Supplied entries

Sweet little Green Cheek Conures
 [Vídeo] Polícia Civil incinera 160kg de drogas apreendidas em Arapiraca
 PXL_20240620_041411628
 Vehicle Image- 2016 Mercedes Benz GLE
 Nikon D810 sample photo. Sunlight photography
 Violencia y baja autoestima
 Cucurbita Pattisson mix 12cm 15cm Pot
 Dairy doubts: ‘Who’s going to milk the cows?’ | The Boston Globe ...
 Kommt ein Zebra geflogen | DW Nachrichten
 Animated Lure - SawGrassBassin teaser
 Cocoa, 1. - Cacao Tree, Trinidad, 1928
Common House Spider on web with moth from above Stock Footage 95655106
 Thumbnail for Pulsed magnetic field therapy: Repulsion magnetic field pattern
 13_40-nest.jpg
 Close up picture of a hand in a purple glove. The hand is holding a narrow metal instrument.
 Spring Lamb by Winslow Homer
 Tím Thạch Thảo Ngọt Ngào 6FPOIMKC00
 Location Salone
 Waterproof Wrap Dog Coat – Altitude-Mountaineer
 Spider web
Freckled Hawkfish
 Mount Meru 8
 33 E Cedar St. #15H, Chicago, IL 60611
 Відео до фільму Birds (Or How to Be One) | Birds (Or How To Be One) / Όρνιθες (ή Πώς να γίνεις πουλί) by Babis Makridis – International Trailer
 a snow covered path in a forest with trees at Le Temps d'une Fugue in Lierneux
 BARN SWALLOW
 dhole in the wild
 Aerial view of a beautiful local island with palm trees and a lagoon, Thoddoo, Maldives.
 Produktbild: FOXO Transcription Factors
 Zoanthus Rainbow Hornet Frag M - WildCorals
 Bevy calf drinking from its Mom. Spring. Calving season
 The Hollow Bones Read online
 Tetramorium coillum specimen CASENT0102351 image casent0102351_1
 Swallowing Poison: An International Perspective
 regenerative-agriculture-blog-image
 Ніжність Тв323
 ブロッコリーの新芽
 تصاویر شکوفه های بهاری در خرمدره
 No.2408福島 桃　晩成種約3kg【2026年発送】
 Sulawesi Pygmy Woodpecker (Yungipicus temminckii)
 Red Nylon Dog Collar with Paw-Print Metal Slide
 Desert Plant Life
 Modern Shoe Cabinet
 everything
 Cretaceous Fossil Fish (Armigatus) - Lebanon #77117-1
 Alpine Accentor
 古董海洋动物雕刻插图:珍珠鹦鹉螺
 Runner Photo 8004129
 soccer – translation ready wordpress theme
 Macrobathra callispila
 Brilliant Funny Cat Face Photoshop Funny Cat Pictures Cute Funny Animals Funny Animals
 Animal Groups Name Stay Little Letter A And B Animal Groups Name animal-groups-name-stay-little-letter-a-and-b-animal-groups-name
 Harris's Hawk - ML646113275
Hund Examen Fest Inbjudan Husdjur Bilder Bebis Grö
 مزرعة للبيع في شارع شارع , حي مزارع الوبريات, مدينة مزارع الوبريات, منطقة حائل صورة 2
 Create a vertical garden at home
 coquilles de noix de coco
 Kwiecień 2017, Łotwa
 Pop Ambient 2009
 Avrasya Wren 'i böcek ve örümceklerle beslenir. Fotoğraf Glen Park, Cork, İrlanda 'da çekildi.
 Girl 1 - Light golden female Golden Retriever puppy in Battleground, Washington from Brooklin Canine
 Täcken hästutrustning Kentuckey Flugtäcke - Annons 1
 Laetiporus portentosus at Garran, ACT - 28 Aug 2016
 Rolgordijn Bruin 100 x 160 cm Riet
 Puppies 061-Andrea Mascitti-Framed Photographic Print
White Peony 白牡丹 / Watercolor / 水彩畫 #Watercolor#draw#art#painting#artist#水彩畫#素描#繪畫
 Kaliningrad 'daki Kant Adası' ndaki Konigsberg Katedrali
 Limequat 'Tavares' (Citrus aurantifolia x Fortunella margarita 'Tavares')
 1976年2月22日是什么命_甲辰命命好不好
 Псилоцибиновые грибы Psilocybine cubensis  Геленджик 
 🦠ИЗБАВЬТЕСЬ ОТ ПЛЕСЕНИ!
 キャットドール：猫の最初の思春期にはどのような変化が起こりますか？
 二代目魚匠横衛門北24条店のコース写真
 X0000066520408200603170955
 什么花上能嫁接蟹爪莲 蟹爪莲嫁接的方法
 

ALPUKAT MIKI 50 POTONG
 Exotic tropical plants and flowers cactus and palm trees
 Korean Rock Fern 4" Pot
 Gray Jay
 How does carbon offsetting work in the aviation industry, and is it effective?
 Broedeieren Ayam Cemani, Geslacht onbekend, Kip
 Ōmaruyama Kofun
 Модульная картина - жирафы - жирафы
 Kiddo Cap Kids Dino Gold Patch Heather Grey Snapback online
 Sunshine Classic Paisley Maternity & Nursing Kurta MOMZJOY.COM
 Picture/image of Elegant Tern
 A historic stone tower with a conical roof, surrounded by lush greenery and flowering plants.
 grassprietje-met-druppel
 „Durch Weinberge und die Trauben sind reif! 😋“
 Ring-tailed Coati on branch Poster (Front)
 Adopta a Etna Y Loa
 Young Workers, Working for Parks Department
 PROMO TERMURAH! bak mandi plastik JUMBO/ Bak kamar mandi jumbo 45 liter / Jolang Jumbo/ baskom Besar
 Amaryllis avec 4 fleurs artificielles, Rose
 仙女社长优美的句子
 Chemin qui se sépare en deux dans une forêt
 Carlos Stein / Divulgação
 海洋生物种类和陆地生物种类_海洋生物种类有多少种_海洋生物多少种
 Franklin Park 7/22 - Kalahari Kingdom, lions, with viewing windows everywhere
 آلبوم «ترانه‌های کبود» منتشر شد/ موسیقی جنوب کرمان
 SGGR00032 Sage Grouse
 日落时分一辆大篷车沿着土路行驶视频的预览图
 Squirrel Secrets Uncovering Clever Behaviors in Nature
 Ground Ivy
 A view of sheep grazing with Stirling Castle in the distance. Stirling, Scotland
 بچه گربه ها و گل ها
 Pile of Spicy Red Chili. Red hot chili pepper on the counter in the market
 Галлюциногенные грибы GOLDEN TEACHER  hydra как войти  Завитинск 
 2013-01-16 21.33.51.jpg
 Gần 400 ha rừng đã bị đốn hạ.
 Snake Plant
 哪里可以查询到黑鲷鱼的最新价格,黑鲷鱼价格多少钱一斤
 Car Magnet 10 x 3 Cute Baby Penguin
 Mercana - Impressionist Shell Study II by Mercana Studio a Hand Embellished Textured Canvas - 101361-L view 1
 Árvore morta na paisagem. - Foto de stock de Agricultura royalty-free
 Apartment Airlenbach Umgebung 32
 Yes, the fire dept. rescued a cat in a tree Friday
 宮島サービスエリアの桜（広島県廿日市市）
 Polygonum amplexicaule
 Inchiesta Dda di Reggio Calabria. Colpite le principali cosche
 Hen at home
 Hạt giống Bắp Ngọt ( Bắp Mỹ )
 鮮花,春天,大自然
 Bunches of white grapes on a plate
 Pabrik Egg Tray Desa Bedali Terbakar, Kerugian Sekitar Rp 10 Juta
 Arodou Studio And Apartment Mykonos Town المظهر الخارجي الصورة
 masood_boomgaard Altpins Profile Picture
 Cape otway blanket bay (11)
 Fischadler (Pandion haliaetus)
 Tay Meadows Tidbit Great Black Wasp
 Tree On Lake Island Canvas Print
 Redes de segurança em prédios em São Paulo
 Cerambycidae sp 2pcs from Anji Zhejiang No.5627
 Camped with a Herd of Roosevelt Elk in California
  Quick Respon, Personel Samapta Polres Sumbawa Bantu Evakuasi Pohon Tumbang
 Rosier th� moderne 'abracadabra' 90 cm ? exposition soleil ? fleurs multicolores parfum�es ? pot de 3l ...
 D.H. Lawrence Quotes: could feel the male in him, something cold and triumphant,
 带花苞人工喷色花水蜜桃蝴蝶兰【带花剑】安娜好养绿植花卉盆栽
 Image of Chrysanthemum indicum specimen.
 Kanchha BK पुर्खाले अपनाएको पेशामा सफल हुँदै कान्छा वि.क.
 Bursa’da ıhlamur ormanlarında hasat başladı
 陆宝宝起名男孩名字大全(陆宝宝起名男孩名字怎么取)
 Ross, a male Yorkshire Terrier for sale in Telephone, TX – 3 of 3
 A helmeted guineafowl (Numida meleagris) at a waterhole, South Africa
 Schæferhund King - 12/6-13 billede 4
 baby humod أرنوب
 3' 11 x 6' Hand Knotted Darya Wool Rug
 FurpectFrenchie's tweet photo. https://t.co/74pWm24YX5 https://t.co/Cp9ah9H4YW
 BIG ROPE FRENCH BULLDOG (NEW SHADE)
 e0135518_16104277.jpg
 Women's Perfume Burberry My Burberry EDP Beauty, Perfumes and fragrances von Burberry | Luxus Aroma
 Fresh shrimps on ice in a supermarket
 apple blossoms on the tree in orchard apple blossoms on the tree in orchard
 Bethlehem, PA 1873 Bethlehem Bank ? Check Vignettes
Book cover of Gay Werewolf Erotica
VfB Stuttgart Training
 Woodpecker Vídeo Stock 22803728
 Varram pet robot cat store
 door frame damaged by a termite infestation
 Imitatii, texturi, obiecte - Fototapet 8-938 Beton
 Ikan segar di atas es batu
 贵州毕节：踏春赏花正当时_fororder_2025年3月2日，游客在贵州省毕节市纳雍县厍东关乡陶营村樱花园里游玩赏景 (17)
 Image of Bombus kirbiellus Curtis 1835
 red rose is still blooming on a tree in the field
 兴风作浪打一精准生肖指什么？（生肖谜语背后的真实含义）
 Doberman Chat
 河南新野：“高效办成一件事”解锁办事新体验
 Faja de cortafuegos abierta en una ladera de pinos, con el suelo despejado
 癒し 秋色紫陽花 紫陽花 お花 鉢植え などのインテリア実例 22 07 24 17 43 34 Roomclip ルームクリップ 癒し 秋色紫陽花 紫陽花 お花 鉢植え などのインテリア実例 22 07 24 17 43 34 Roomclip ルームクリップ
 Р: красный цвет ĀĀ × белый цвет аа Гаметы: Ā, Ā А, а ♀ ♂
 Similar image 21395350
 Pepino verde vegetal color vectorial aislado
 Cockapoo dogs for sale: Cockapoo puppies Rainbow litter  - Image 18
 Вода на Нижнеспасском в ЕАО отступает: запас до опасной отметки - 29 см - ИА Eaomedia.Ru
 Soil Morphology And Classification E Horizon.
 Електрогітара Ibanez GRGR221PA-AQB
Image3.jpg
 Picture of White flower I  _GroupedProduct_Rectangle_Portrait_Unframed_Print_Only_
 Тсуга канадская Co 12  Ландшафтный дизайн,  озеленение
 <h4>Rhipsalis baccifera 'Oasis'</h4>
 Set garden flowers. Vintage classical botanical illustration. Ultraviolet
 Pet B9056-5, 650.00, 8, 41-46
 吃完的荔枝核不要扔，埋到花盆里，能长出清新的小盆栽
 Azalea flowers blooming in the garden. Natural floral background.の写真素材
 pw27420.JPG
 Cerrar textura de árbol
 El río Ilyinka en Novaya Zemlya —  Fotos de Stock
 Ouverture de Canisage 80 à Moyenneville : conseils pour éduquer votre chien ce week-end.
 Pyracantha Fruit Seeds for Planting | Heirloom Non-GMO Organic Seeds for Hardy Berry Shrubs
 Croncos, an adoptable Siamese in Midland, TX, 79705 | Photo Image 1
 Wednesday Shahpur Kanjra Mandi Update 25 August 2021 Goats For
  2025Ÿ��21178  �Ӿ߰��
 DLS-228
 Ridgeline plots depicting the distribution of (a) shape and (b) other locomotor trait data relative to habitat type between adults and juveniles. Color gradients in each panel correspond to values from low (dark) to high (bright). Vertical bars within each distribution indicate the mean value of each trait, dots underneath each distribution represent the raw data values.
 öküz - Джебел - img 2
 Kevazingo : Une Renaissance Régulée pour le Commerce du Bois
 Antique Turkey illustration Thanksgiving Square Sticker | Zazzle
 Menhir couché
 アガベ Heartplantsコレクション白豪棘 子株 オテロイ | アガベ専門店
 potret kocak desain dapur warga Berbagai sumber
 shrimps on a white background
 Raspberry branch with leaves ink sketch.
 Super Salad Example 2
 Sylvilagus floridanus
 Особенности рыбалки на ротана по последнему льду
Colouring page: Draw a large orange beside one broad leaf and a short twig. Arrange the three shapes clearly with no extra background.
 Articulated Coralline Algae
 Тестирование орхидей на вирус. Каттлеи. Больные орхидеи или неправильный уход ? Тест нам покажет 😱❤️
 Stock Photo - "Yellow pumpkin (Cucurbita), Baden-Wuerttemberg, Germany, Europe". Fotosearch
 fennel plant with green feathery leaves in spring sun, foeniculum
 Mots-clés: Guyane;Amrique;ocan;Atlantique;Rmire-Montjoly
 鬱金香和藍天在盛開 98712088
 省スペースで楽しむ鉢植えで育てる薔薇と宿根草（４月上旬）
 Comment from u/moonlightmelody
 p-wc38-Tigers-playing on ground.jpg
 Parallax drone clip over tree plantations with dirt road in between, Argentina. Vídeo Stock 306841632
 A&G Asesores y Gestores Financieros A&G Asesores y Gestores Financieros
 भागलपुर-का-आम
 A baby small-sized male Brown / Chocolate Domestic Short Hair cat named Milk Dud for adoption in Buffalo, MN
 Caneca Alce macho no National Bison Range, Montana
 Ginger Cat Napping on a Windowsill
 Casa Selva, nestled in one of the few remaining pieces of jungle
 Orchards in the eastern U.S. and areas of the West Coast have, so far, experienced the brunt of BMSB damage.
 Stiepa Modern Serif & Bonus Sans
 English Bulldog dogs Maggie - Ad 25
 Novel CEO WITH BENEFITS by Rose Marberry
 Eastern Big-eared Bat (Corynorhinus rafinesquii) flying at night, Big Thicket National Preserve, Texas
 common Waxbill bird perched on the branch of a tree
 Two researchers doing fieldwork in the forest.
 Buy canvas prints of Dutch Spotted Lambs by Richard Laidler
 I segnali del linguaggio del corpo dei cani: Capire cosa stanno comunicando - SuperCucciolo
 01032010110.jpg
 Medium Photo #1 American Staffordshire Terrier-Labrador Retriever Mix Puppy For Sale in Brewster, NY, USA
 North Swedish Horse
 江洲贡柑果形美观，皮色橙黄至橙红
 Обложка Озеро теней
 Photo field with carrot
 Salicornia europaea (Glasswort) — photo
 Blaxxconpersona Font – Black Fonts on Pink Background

Task brief
Which lines run from the one containing "Buy canvas prints" to the end of the entries above? Print them exactly, both ends included, and nothing else.

Reply to the exercise
 Buy canvas prints of Dutch Spotted Lambs by Richard Laidler
 I segnali del linguaggio del corpo dei cani: Capire cosa stanno comunicando - SuperCucciolo
 01032010110.jpg
 Medium Photo #1 American Staffordshire Terrier-Labrador Retriever Mix Puppy For Sale in Brewster, NY, USA
 North Swedish Horse
 江洲贡柑果形美观，皮色橙黄至橙红
 Обложка Озеро теней
 Photo field with carrot
 Salicornia europaea (Glasswort) — photo
 Blaxxconpersona Font – Black Fonts on Pink Background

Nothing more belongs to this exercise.